Aufgrund von Reparaturarbeiten an der Leitplanke war die rechte Fahrspur gesperrt und es kam daraufhin zu Stauungen im Bereich der Unfallstelle.

Eine 37-jährige Slowakin erkannte die Situation, dass die vor ihr befindlichen Fahrzeuge bis zum Stillstand abbremsten, offensichtlich zu spät und fuhr mit ihrem Skoda Superb auf einen vor ihr auf der linken Fahrspur stehenden Fiat Stilo auf. Durch die Wucht des Aufpralls wurde fünf weitere Fahrzeuge auf der linken Spur aufeinander geschoben.
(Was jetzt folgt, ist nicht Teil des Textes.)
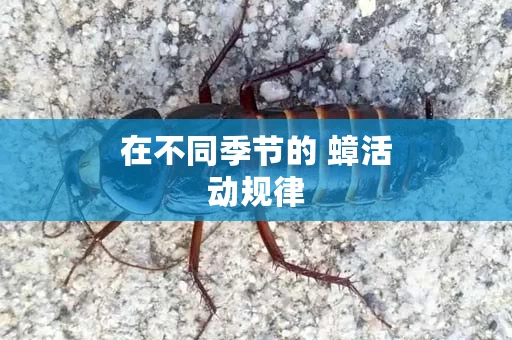 在不同季节的 蟑活动规律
Vor dem Fiat wurden noch ein Audi A 4 und ein Nissan Qashqai so stark beschädigt, dass sie nicht mehr fahrbereit waren und abgeschleppt werden mussten. Die vorderen Fahrzeuge, ein Ford Focus, ein weiterer Skoda Superb und ein Renault Megane Scenic waren noch fahrbereit und die Insassen wurden nicht verletzt.
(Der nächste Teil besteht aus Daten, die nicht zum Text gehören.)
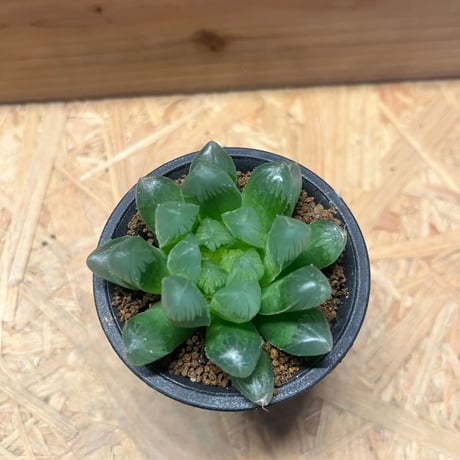 ハオルチア　オブツーサ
Die Unfallverursacherin, ihre Beifahrerin, sowie der Fahrer des Audi A 4, der Fahrer des Nissan und zwei weitere Insassen wurden mit HWS und Prellungen in umliegende Krankenhäuser verbracht. Die 23jährige Fahrerin des Fiat Stilo aus dem Raum Ebersberg wurde wegen einem Engpass an verfügbaren Rettungsfahrzeugen mit einer Beckenverletzung und Prellungen durch einen Rettungshubschrauber ins Klinikum verbracht. An den Fahrzeugen entstand ein Gesamtschaden von rund 45 000 Euro.
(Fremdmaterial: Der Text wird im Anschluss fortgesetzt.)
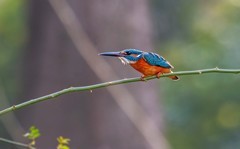 小翠鸟（五十一）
Aufgrund der Landung des Rettungshubschraubers musste die Richtungsfahrbahn München gegen 13.40 Uhr für ca. 20 Minuten komplett gesperrt werden. Nach Aufhebung der Sperrung lief der Verkehr einspurig an der Unfallstelle vorbei. Gegen 15.20 Uhr war die Unfallstelle geräumt. Der Verkehr staute sich auf einer Länge von insgesamt etwa 8 Kilometern.

Zur Absicherung und Säuberung der Unfallstelle waren 15 Mann der Freiwilligen Feuerwehren Frasdorf und Prien, sowie mehrere Mitarbeiter der Autobahnmeisterei Rosenheim vor Ort.